The cross-validation known as Leave-P-Out refers to leave \(p\) sample points out from the training set and use them as the test set. The \(p\) points do not have to be contiguous; for a sample with \(n\) points, there can be \(C_n^p\) different test sets.
For time series cross-validation, it is more sensible to require the test set to be contiguous so that the gaps can be minimized. The shorter the gaps are, the more data we can use to train and test our algorithms. For a sample with \(n\) points, there can be \(n-p+1\) different test sets, regardless of the gap sizes.

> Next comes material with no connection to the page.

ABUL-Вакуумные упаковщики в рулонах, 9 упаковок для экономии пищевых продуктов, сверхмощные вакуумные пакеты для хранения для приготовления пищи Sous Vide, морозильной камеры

The following code snippet produces the cross-validation setup of the above image. Notice how the gap size before the test set can be different from the gap coming after:
>>> from tscv import GapLeavePOut
>>> cv = GapLeavePOut(p=3, gap_before=1, gap_after=2)
>>> for train, test in cv.split(range(7)):
... print("train:", train, "test:", test)
...
train: [5 6] test: [0 1 2]
train: [6] test: [1 2 3]
train: [0] test: [2 3 4]
train: [0 1] test: [3 4 5]
train: [0 1 2] test: [4 5 6]
In the code sample, GapLeavePOut
is a class provided by this package.
It has a split
method, which takes in the whole data set and produce
the training and test sets indices.
Tip
By calling the split
method directly, you can verify whether your
configuration is what you desire. In practice, you will not use these
indices directly though. Rather, you will send an instance of
GapLeavePOut
as argument to a scikit-learn cross-validator.